2.  Accept Community Engagement as a Continuum - Communities are like families and consists of individuals with different personalities, experiences, and perspectives.  Though a community may share a common history, their opinions, preferences, decisions, are not monolithic.   Librarians need to be appreciative and sensitive to these varying sentiments in order to be productive and successful in their work with communities.  

3.  Learn to Appreciate Rather than Appropriate Materials - The history of colonization is embedded in appropriation, including the practice of physically relocating materials for processing which can be a culturally traumatic process.   Librarians need to demonstrate an appreciative mindset by exercising flexibility in processing community collections, which again counters a typical operational workflow of libraries in which materials are selected, acquired, and described before being made available through discovery systems and catalogues.    For true collaboration to happen, librarians need to shift their mindset from physically gathering collections in libraries to one that prioritizes work to happen off-campus locations in the community.  

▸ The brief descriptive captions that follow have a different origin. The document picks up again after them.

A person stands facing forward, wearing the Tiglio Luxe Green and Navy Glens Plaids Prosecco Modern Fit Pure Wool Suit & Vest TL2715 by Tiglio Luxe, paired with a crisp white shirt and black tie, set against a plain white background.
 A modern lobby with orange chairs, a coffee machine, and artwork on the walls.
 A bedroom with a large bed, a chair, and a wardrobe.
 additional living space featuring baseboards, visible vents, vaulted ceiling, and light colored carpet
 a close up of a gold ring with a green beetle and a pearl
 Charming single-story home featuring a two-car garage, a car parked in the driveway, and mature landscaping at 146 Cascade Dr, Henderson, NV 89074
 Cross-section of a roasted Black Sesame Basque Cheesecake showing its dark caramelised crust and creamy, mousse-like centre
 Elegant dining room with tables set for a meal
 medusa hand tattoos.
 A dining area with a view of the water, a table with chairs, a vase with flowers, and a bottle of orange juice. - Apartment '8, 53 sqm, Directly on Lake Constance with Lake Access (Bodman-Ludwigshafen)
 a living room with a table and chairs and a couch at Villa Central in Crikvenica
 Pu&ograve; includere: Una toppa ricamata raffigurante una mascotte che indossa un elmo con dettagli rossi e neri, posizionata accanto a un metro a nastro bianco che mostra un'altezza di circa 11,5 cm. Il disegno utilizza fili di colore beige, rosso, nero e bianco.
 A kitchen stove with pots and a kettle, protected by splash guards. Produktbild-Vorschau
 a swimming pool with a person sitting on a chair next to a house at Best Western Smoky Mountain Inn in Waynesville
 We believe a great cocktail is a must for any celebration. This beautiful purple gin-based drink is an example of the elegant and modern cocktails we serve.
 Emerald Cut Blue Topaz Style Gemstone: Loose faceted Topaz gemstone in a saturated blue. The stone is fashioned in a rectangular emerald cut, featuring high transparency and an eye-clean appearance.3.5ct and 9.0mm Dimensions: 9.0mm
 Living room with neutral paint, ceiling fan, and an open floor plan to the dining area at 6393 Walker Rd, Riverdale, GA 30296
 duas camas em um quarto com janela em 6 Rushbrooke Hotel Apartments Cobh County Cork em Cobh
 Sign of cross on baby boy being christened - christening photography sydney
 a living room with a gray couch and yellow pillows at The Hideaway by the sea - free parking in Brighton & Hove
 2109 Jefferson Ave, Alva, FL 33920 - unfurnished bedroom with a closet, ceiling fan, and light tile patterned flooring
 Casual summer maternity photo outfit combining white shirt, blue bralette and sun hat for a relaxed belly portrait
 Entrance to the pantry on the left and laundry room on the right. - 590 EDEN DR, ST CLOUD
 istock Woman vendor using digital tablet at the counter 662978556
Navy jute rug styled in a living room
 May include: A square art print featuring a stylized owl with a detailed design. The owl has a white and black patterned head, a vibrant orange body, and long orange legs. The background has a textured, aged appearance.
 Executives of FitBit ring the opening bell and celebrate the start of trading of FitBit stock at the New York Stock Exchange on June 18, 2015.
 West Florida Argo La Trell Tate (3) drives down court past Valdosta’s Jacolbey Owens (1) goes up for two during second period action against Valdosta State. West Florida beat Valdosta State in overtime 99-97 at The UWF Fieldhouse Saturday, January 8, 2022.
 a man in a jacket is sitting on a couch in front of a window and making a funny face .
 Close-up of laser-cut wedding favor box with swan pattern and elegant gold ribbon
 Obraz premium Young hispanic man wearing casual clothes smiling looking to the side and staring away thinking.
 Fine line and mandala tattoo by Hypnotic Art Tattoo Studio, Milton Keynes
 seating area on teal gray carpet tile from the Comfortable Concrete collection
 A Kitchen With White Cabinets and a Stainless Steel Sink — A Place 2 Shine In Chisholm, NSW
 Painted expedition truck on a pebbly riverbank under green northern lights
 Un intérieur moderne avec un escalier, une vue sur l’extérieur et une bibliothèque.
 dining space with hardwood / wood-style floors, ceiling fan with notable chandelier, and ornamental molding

4.  Consider Oral Sources to Be As Important as Textual Ones - Libraries are used to working with tangible, text-based knowledge carriers grounded in physical convenience that is contrary to the value of orality of knowledge based on traditions that are alive and current.   Librarians need to shift their thinking that Indigenous knowledge as 'static' to one that is as continuing.  

5.  Accept Community Materials as Credible Knowledge Resources -  As Western scholarship tends to reduce oral traditions to textual renditions for research, such as prioritizing ancient manuscripts, this questionable practice is inconsistent with how communities prefer to render oral traditions to text and other media to complement rather than replace their traditional ways of transmitting oral knowledge.  Librarians need to be cognizant and respectful of these traditions when working with their communities and integrating these communal materials into scholarly discourses.

I value Karim Tharani's contribution to this area of scholarship and appreciate the best practices he's laid out when working with communities.  As I move into the deep and enriching work of library engagement with our diverse communities in British Columbia and Canada, this will be a strong reminder of the continuing evolution of programs and services and how they fit in the paradigm of community engagement.   "Outreach" is an outdated terminology that activates and transmits knowledge in a very surface-level contact with a community, community engagement continues to evolve not as a   'model' so much as by a framework of guiding principles, strategies, and approaches, one based on principles that respect the right of all community members to be informed, consulted, involved and empowered.   Things move quickly; certainly, my research and scholarship in this area has changed so much that many of my earlier thoughts as a librarian need to be updated.